* [sup-talk] [PATCH] First draft of attachment processing for more gmail style searches
@ 2008-02-25 20:50 Marcus Williams
2008-02-28 17:40 ` William Morgan
0 siblings, 1 reply; 9+ messages in thread
From: Marcus Williams @ 2008-02-25 20:50 UTC (permalink / raw)
This patch adds the search terms "filename" and "filetype". This changes
the index so requires a sup-sync --all to work properly, but should work
on all new messages without it. You can now search for something like
"from:phil* filetype:pdf" for all messages from a person called phil
with a pdf attachment. You can also specify a file name for the
attachment with "filename:(this is a filename with spaces.txt)". You
can use wildcards in the filename ("filename:test*.pdf").
---
lib/sup/index.rb | 15 +++++++++++++++
lib/sup/message.rb | 7 ++++++-
2 files changed, 21 insertions(+), 1 deletions(-)

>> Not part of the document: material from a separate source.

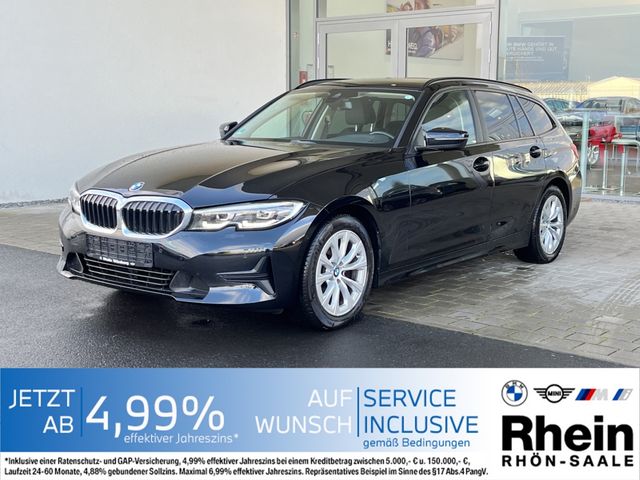 BMW 318d Touring Advantage Navi.AHK.ParkA.LED.DriveA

diff --git a/lib/sup/index.rb b/lib/sup/index.rb
index f812fc7..4205f2a 100644
--- a/lib/sup/index.rb
+++ b/lib/sup/index.rb
@@ -147,6 +147,7 @@ EOS
field_infos.add_field :date, :index => :untokenized
field_infos.add_field :body
field_infos.add_field :label
+ field_infos.add_field :attachments
field_infos.add_field :subject
field_infos.add_field :from
field_infos.add_field :to
@@ -198,6 +199,7 @@ EOS
:body => (entry[:body] || m.indexable_content),
:snippet => snippet, # always override
:label => m.labels.uniq.join(" "), # always override
+ :attachments => (entry[:attachments] || m.attachments.uniq.join(" ")),
:from => (entry[:from] || (m.from ? m.from.indexable_content : "")),
:to => (entry[:to] || (m.to + m.cc + m.bcc).map { |x| x.indexable_content }.join(" ")),
:subject => (entry[:subject] || wrap_subj(m.subj)),
@@ -452,6 +454,19 @@ protected
end
end
+ ## gmail style attachments "filename" and "filetype" searches
+ subs = subs.gsub(/\b(filename|filetype):(\((.+?)\)\B|(\S+)\b)/) do
+ field, name = $1, ($3 || $4)
+ case field
+ when "filename"
+ Redwood::log "filename - translated #{field}:#{name} to attachments:(#{name.downcase})"
+ "attachments:(#{name.downcase})"
+ when "filetype"
+ Redwood::log "filetype - translated #{field}:#{name} to attachments:(*.#{name.downcase})"
+ "attachments:(*.#{name.downcase})"
+ end
+ end
+
if $have_chronic
chronic_failure = false
subs = subs.gsub(/\b(before|on|in|during|after):(\((.+?)\)\B|(\S+)\b)/) do
diff --git a/lib/sup/message.rb b/lib/sup/message.rb
index 6a2a9c4..480f52c 100644
--- a/lib/sup/message.rb
+++ b/lib/sup/message.rb
@@ -37,7 +37,7 @@ class Message
DEFAULT_SENDER = "(missing sender)"
attr_reader :id, :date, :from, :subj, :refs, :replytos, :to, :source,
- :cc, :bcc, :labels, :list_address, :recipient_email, :replyto,
+ :cc, :bcc, :labels, :attachments, :list_address, :recipient_email, :replyto,
:source_info, :list_subscribe, :list_unsubscribe
bool_reader :dirty, :source_marked_read, :snippet_contains_encrypted_content
@@ -54,6 +54,7 @@ class Message
@dirty = false
@encrypted = false
@chunks = nil
+ @attachments = []
## we need to initialize this. see comments in parse_header as to
## why.
@@ -405,6 +406,10 @@ private
## if there's a filename, we'll treat it as an attachment.
if filename
+ # add this to the attachments list if its not a generated html
+ # attachment (should we allow images with generated names?).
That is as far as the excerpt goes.